==== Exercise data ====

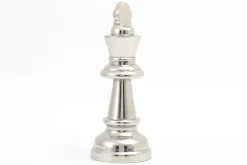 Statuettes Et Objets|Décoration<Flamant ROBBINS, pièce d'échecs, roi, nickel Argent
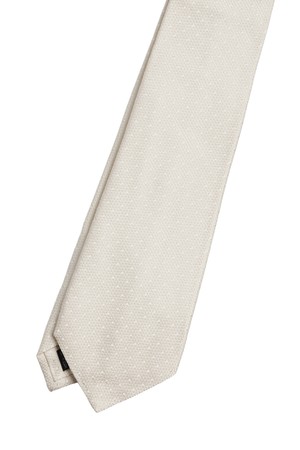 [MADE IN ITALY] 핀도트 실크타이 아이보리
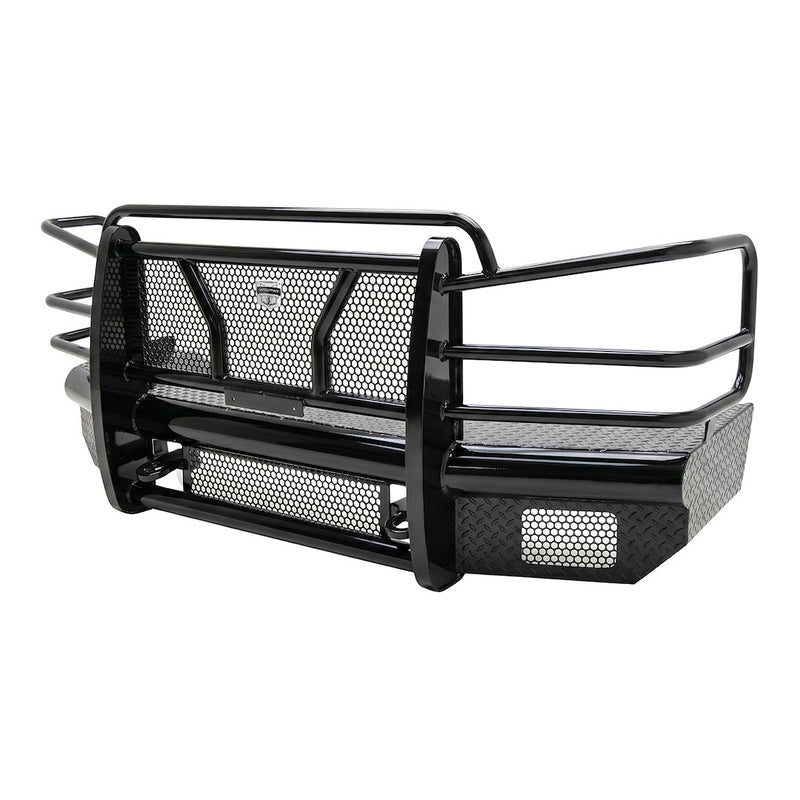 Cattleman Two Vertical Center Protection Bars Bumper 2111P - Front Replacement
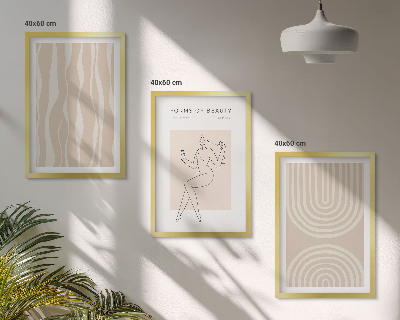 Composizione di quadri Decorazioni bohémien astratte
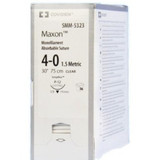 Cardinal Health - Maxon - Smm-5323 - Absorbable Suture With Needle Polyglyconate P - 12 3/8 Circle Precision Reverse Cutting Size 4 - 0 Monofilament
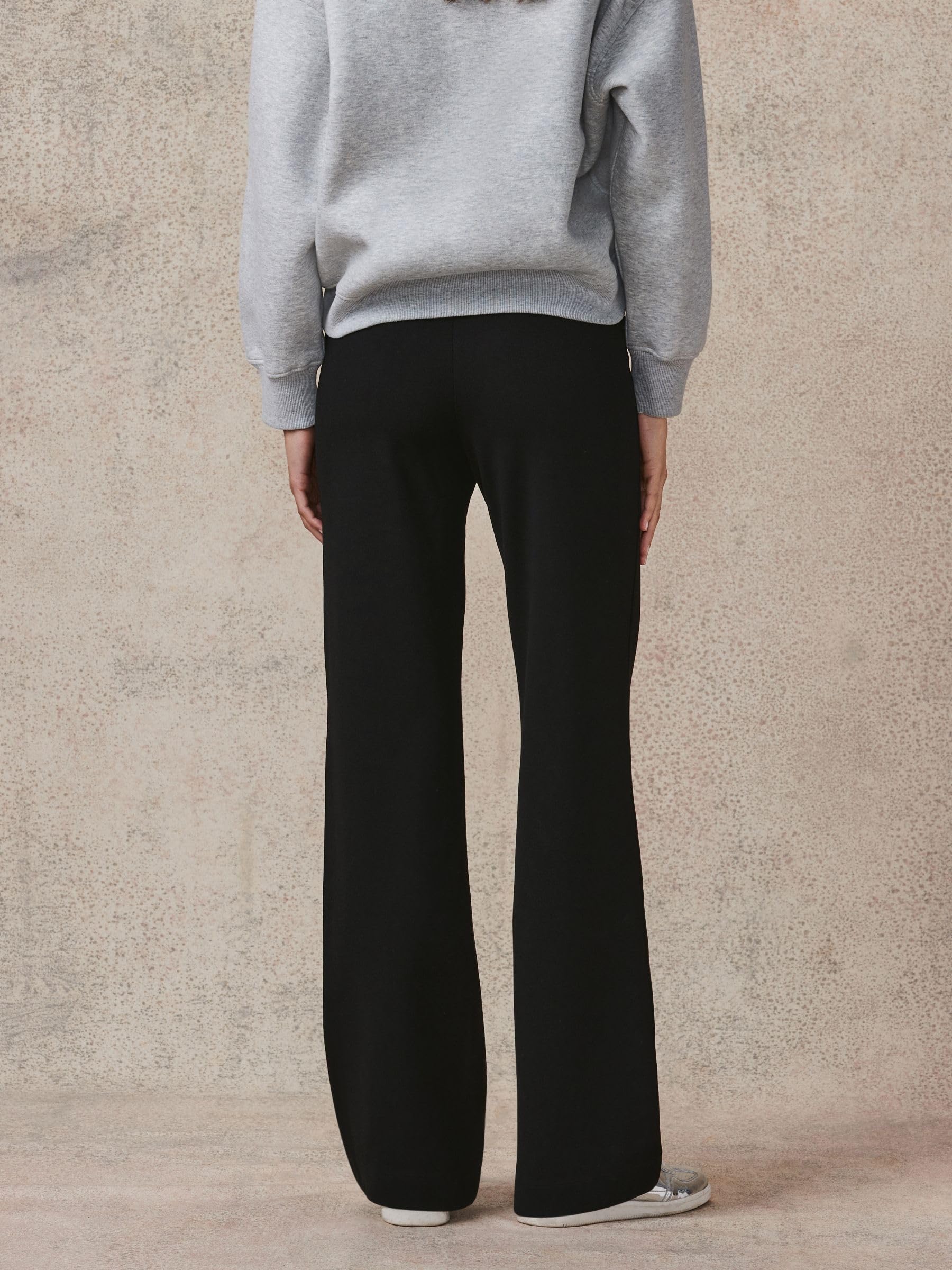 Next pantaloni ampi jersey donna Nero modellanti sostegno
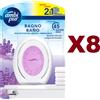 Ambipur 8 AMBIPUR BAGNO LAVANDA PROFUMATORE per Ambienti ELIMINA ODORI AMBI PUR casa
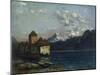 The Castle of Chillon-Gustave Courbet-Mounted Giclee Print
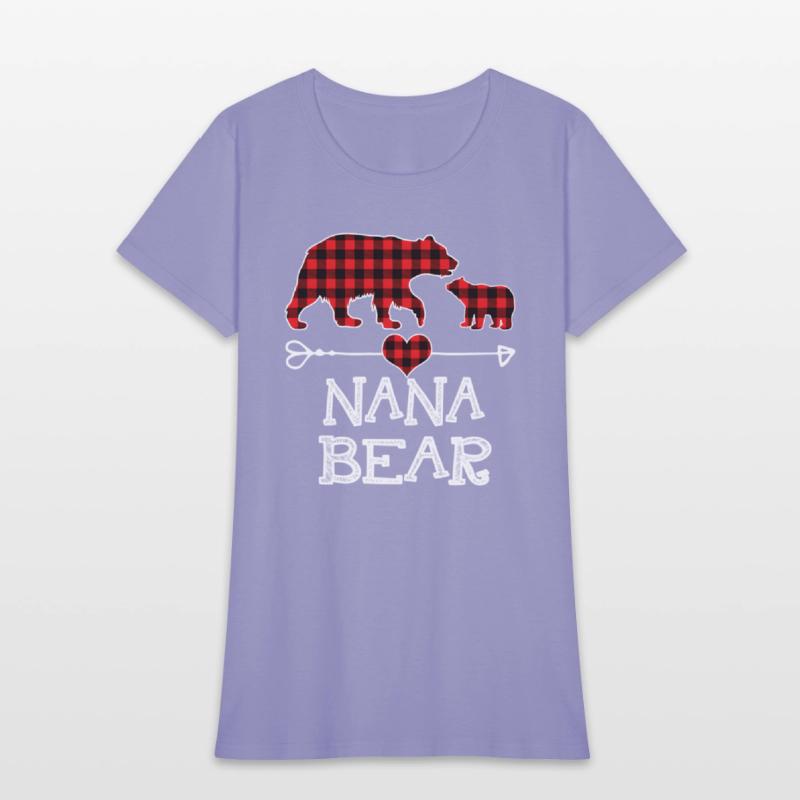 Nana Bear Pajama Red Plaid Buffalo Family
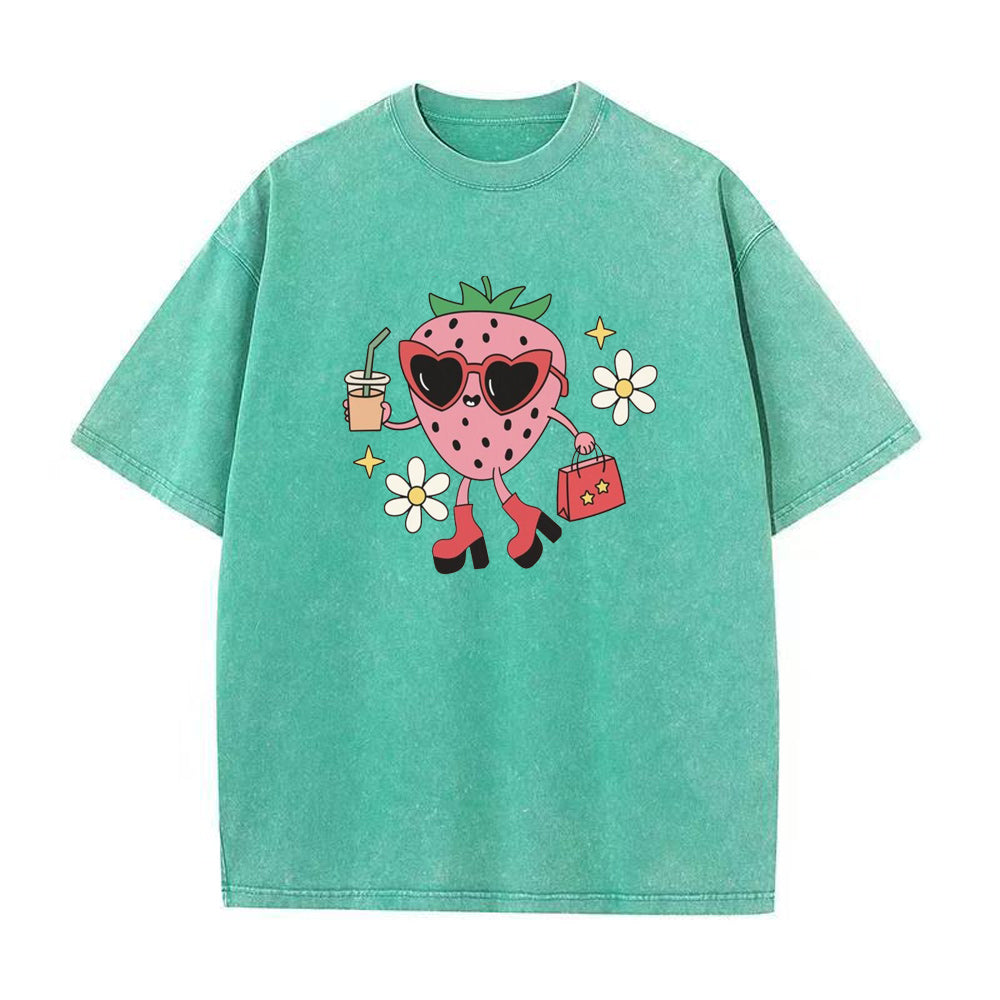 shopping Strawberry Unisex Tee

====

**Task goal:** Precisely the lines from the one containing "Cardinal Health - Maxon" to the end of the data above, both included, should be printed; leave the pictures out.

**Response to this task:**
 Cardinal Health - Maxon - Smm-5323 - Absorbable Suture With Needle Polyglyconate P - 12 3/8 Circle Precision Reverse Cutting Size 4 - 0 Monofilament
 Next pantaloni ampi jersey donna Nero modellanti sostegno
 Ambipur 8 AMBIPUR BAGNO LAVANDA PROFUMATORE per Ambienti ELIMINA ODORI AMBI PUR casa
 The Castle of Chillon-Gustave Courbet-Mounted Giclee Print
 Nana Bear Pajama Red Plaid Buffalo Family
 shopping Strawberry Unisex Tee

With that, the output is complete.